I am using mongodb (3.4). I have six databases. I am in the process of sharding a particularly large collection (call it 'user_posts') in one of them. I like the idea of sharding all collections in all six databases, because it improves redundancy and allows for horizontal scaling. But because I am currently terrified of shard keys, I do not want to rush this process. So, I want to shard the collection that I must, and deal with the other collections later.

So, I will have two mongo servers, where one is just a shard of the 'user_posts' collection, and the other is a shard of the 'user_posts' collection but also contains some standalone databases.

Will mongos be able to query all six databases in this scenario?

Thanks

Best Answer

A MongoDB sharded cluster deployment can contain collections that are either unsharded (the default when created) or sharded (based on your chosen shard key). Sharding a collection is (as at MongoDB 3.4) a two-step process: enable sharding on a database using sh.enableSharding() and then shard specific collections using sh.shardCollection(). Sharded and unsharded collections coexist in the same sharded cluster and your application generally does not have to be aware of whether collections are sharded.

If you have a sharded cluster deployment (irrespective of whether you have enabled sharding on individual collections) you should always make your queries and updates through a mongos instance. The mongos instances handle details of routing queries to the correct shard(s) based on the current configuration and status of backing mongod servers.

The "generally unaware" application design caveat alluded to earlier is that a few operations (for example: $lookup and $graphLookup) may not support using sharded collections as the source or destination. There are also some operational restrictions in a sharded cluster which are worth reviewing.

I like the idea of sharding all collections in all sixdatabases, because it improves redundancy and allows for horizontal scaling

Sharding alone does not improve redundancy. Sharding is used to partition data across multiple servers so you can have multiple MongoDB instances presented as a single logical deployment. Ideally your shards should be backed by replica sets so you have data redundancy and failover (which both rely on replication). I would strongly recommend upgrading a production deployment to a replica set before moving to a sharded cluster.

If you plan on eventually sharding it would be reasonable to get your sharded cluster infrastructure in place so you can minimise disruptions in future. For example, moving from a replica set to a sharded cluster deployment involves setting up config servers, mongos instances, and changing your connection seed list from replica set members to mongos instances.

because I am currently terrified of shard keys, I do not want to rush this process. So, I want to shard the collection that I must, and deal with the other collections later.

Is the collection that you must shard stressing your current deployment? Before moving to a larger deployment with more moving parts I would encourage you to try to understand and tune your existing deployment. There may be some easy wins that could improve performance ... or conversely, unfortunate design choices that won't scale well in a sharded environment. Helpful starting points include the MongoDB Production Notes, Operations Checklist, and Security Checklist.

If you have good understanding or estimation of your data model and distribution patterns, I would suggest sharding in a test environment using representative data.
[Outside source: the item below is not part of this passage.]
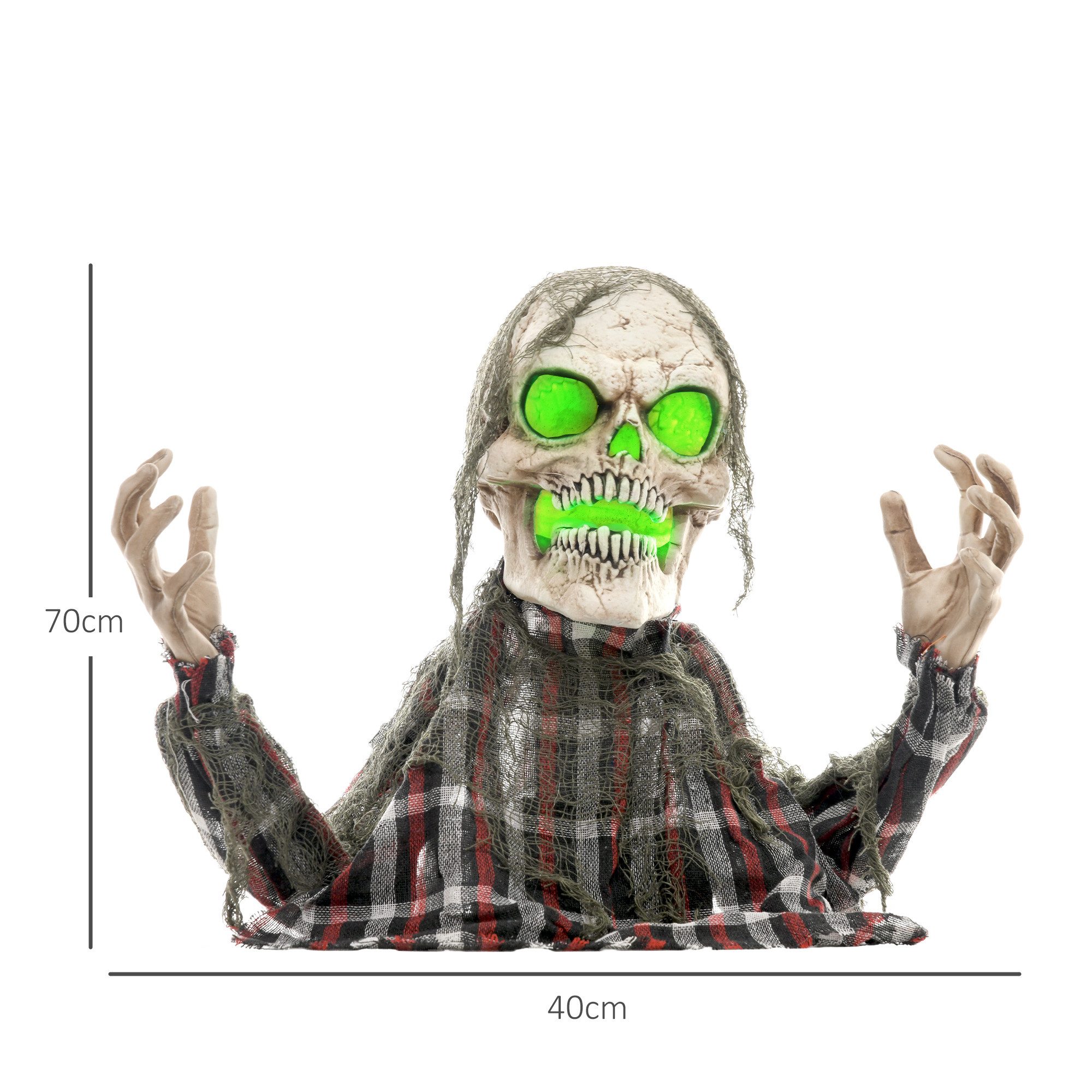 HOMCOM Dekofigur 70cm Halloween Dekoration mit LED-Lichter, Soundfunktion (Skelett Halbkörper Figur, 1 St., Halloween Horror Ornamente), für Halloween Party – Bild 3 von 5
There are many helpful tools for generating fake (but probabilistic) data if needed. For an example recipe, see: Stack Overflow: duplicate a collection into itself.
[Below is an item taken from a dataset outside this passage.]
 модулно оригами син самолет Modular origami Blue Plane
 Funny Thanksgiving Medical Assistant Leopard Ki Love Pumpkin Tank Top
So, I will have two mongo servers, where one is just a shard of the 'user_posts' collection, and the other is a shard of the 'user_posts' collection but also contains some standalone databases.

Assuming you are describing a sharded cluster with two shards, that is correct. Sharded collections will be distributed across shards while unsharded collections will live on a primary shard for each database.

Will mongos be able to query all six databases in this scenario?

mongos provides access to all databases in the same sharded cluster.